ABB's RTU 540 doesn't allow FC1 to read coils from Ignition!
I recently went to a FAT to connect an Ignition edge device to an ABB RTU 540. The RTU's Modbus interface seems to exhibit some behavior I haven't seen before.
For example, after writing to holding registers with function code (FC) 16, reading those registers back with FC3 always returns 0. The FC16 returns a successful write, but the RTU does not return the written value on subsequent reads. This is annoying, but I can deal with it.
The biggest problem is that Ignition cannot read coils at all! OPC tags in Ignition with Modbus addresses like C1, C2, etc. show up as bad. Clicking on the value field in Designer does actually send an FC5 to the RTU which returns a successful write.
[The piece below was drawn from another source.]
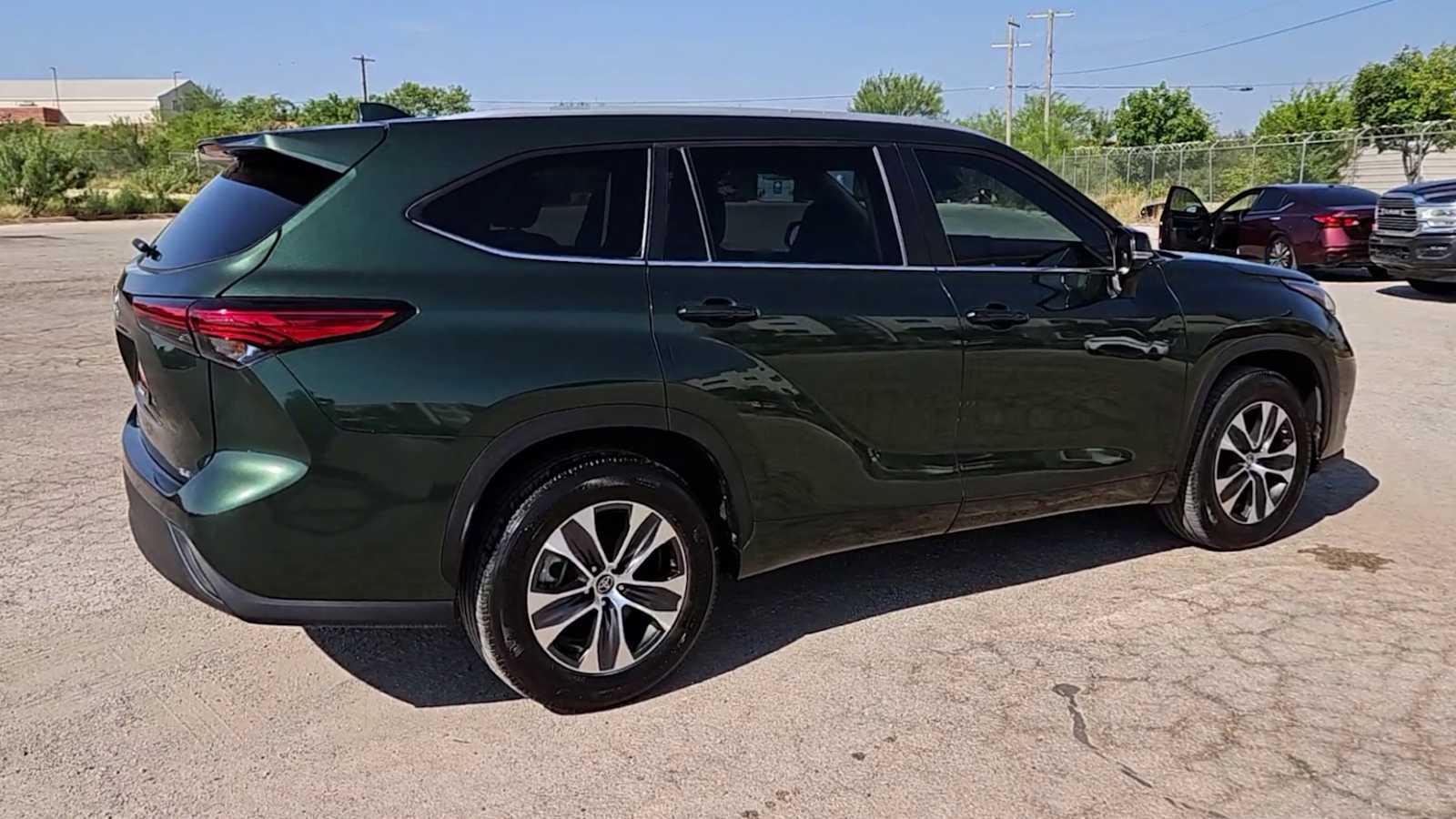 Thumbnail: 2023 Toyota Highlander - 8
However, Wireshark indicates that all the FC1 Modbus messages sent to the device to read the coils back result in Modbus exceptions.
I can never check the value of the Modbus command in Ignition because it is always bad I ams lso concerned that some of my scripting to write to those tags might fail because Igniion might need to read the value back to confirm a good tag write.
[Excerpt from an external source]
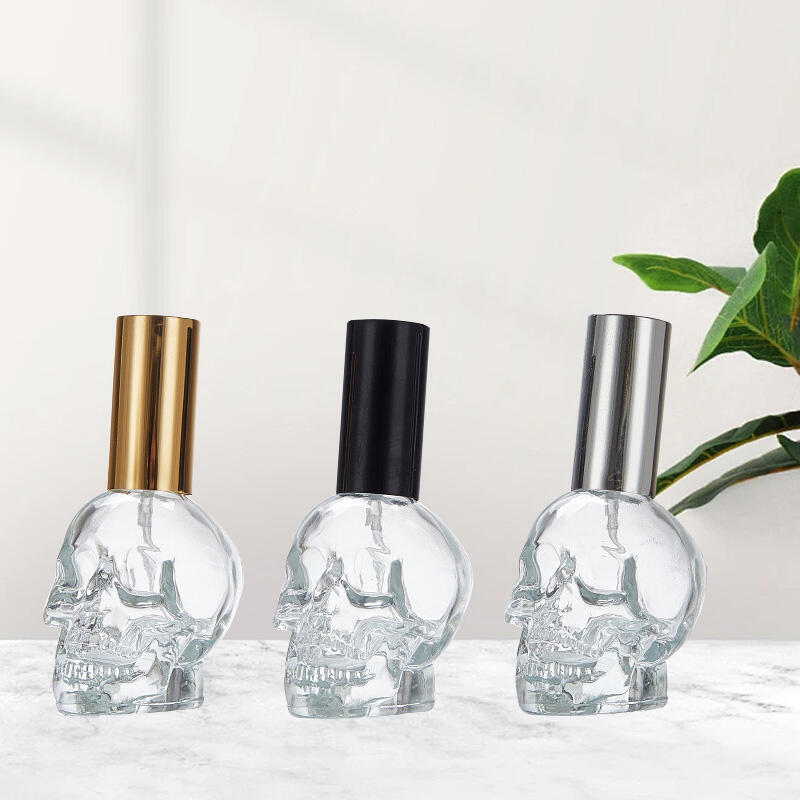 Wholesale 30ml 50ml transparent and empty skull spray glass perfume bottle with custom design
The integrator responsible for the RTU programming said "That's just how the RTU is designed". Very frustrating!
Is this non-compliant Modbus behavior? Has anyone seen this before? Is there any workaround possible from Ignition?
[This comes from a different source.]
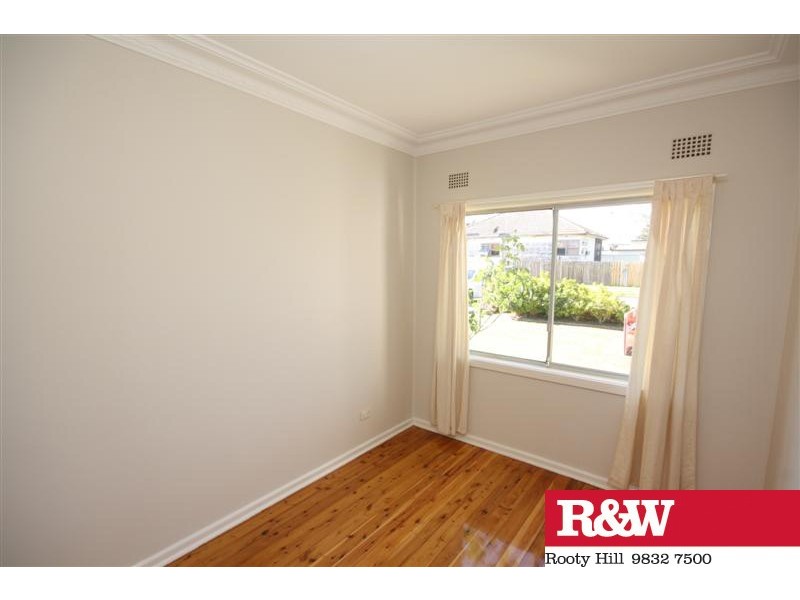 17 BREYLEY ROAD, Cambridge Park NSW 2747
It can't be non-compliant because the Modbus specification doesn't require any specific behavior for these function codes beyond the bare formatting and responses they use.
It is extremely unusual, though, and breaks the common expectation that memory areas 0 and 4 are read/write. You won't be able to use tags effectively with these units, since read doesn't mean anything even when it works. You will need to use "fire-and-forget" system.opc.write*() for everything.
I would forbid use of this RTU in future work, and replace it now with something rational if you still can.
If this device is following the Modbus standard for slave devices on serial connections, then writes to unit zero (the default for IA driver) will work as a broadcast, and other function codes should yield silence, but might yield errors.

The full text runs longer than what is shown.